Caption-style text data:

---+---

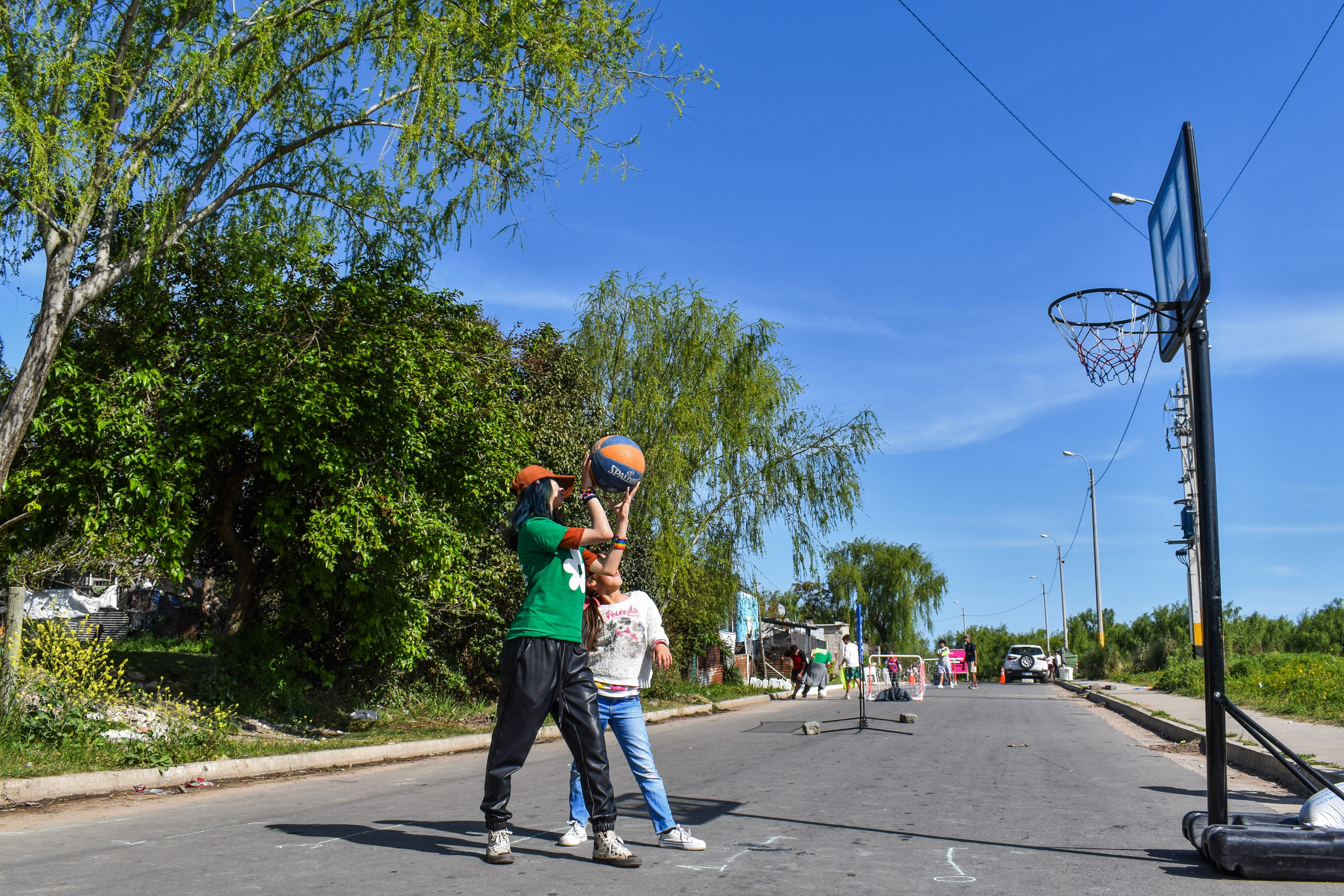 Peatonal barrial en barrio Bajo Valencia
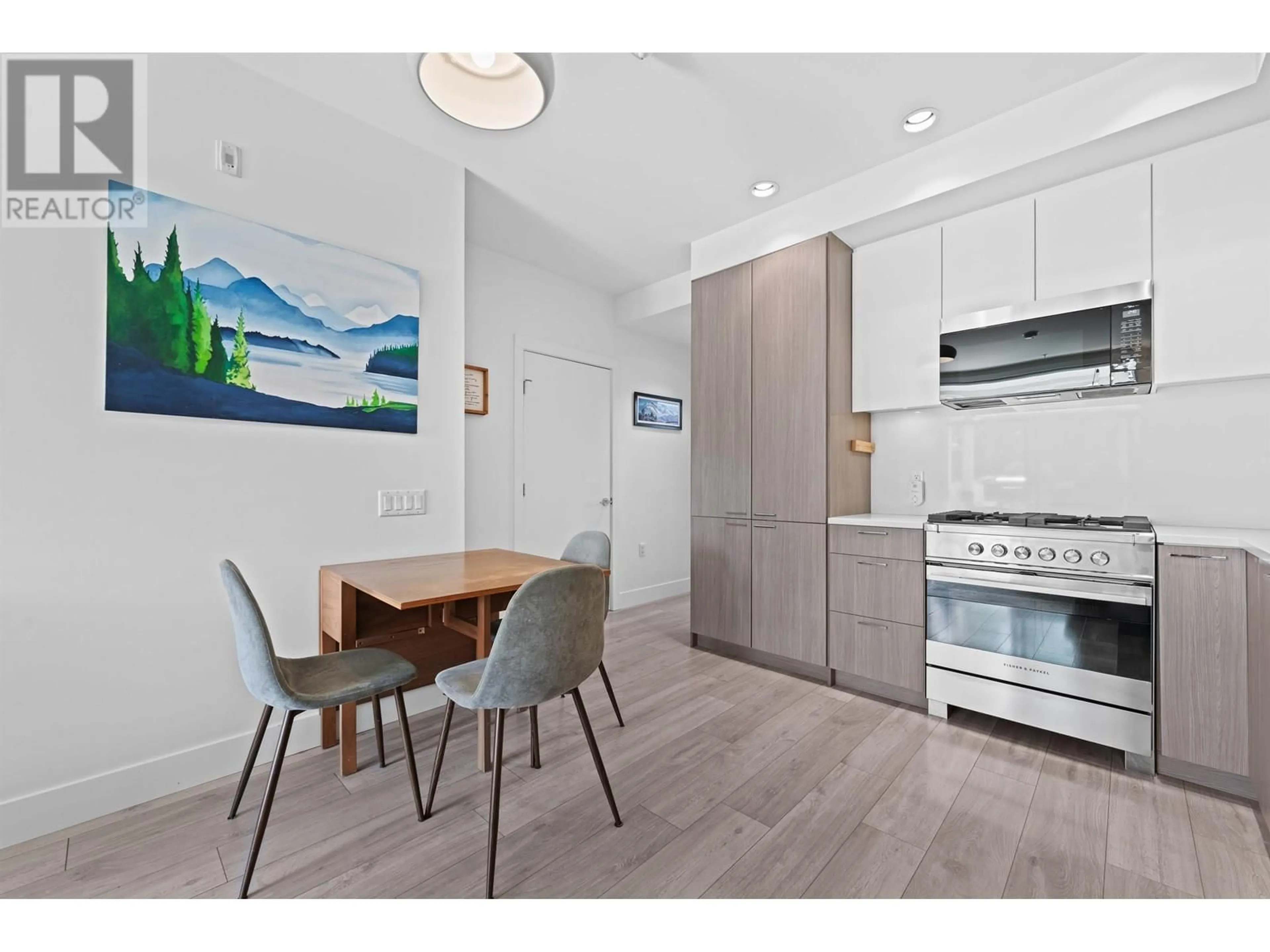 Open concept kitchen, unknown for 201 - 3420 ST. CATHERINES STREET, Vancouver British Columbia V5V3C4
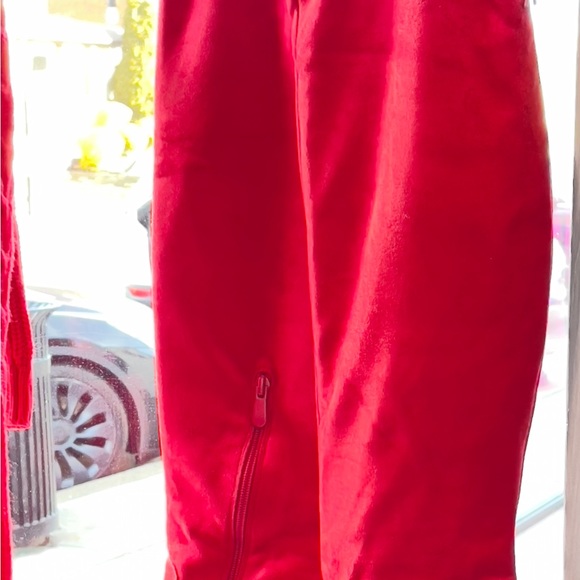 …Red… over the knee… Boots… Like new! Size 9.5 - Picture 2 of 5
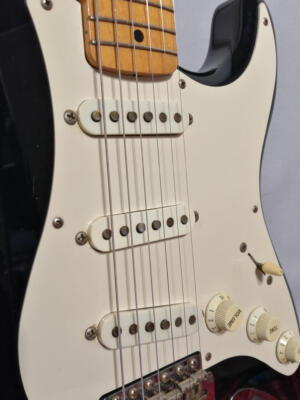 ギター Fender Japan Stratcaster ST57-650 Fender JAPAN ST57-650 - 2 Tone Sunburst | Red Guitars Online Store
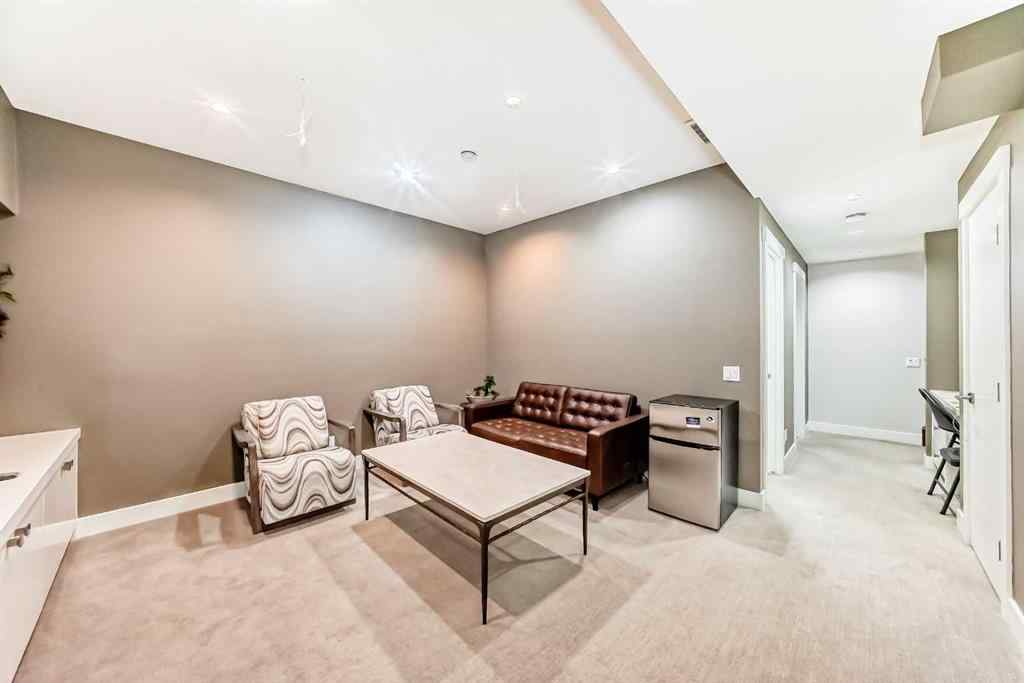 MLS® A2261571 - Unit #2 924 3 Avenue NW in Sunnyside Calgary, Residential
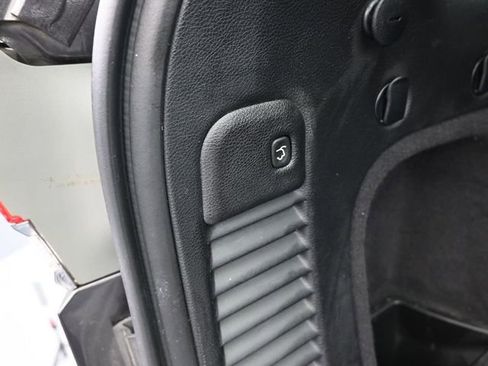 Used 2019 Jeep Grand Cherokee Limited image 21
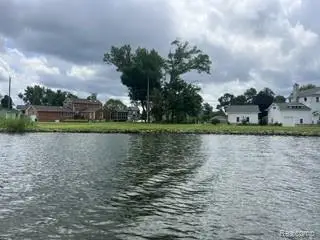 9510 Buckingham, WhiteLake, MI 48386
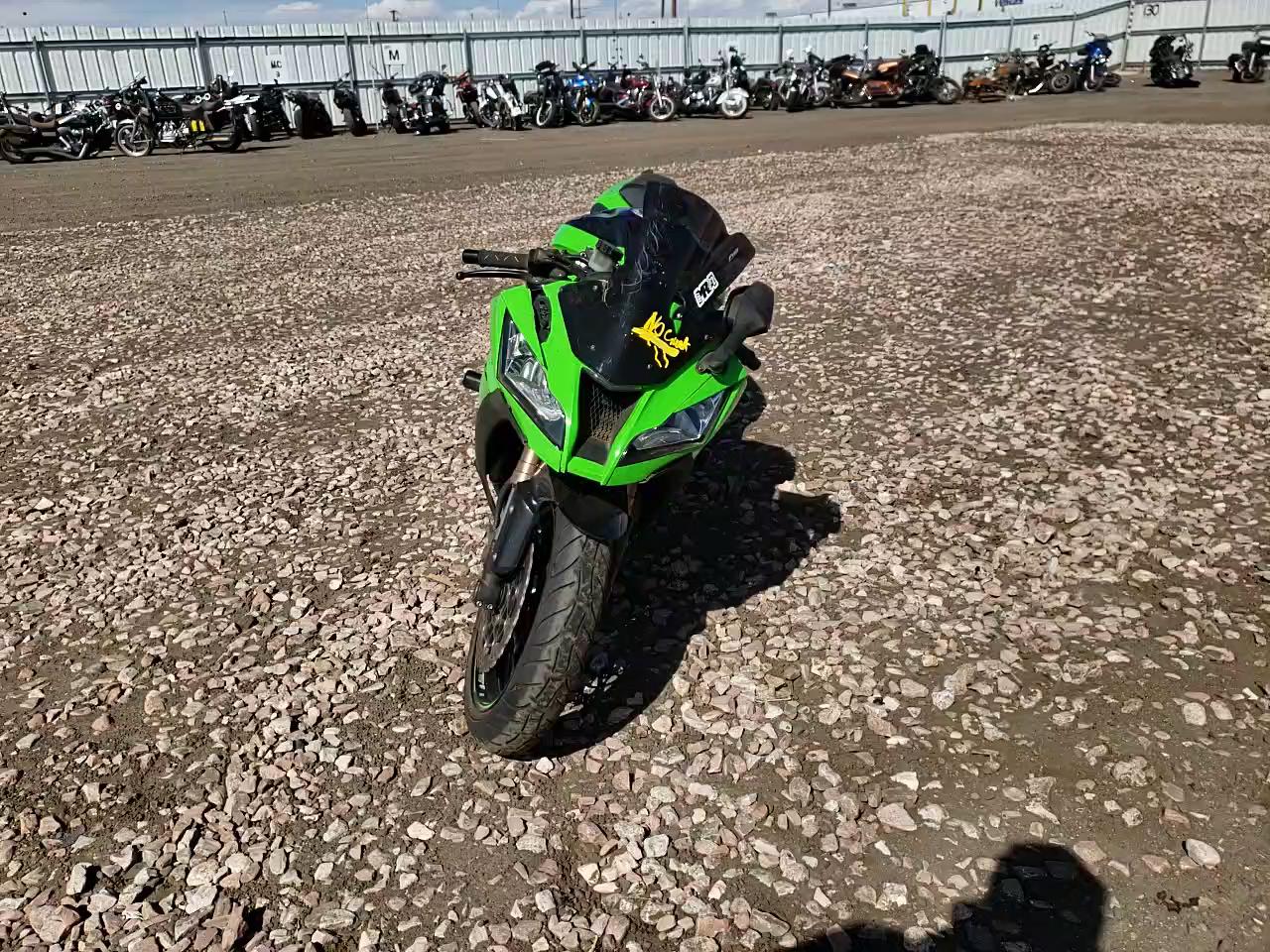2011 KAWASAKI ZX1000 J JKAZXCJ13BA003431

---+---

PROBLEM STATEMENT: Print all of the entries word for word. Omit the pictures they contain.

SOLUTION TO THIS PROBLEM:
 Peatonal barrial en barrio Bajo Valencia
 Open concept kitchen, unknown for 201 - 3420 ST. CATHERINES STREET, Vancouver British Columbia V5V3C4
 …Red… over the knee… Boots… Like new! Size 9.5 - Picture 2 of 5
 ギター Fender Japan Stratcaster ST57-650 Fender JAPAN ST57-650 - 2 Tone Sunburst | Red Guitars Online Store
 MLS® A2261571 - Unit #2 924 3 Avenue NW in Sunnyside Calgary, Residential
 Used 2019 Jeep Grand Cherokee Limited image 21
 9510 Buckingham, WhiteLake, MI 48386
2011 KAWASAKI ZX1000 J JKAZXCJ13BA003431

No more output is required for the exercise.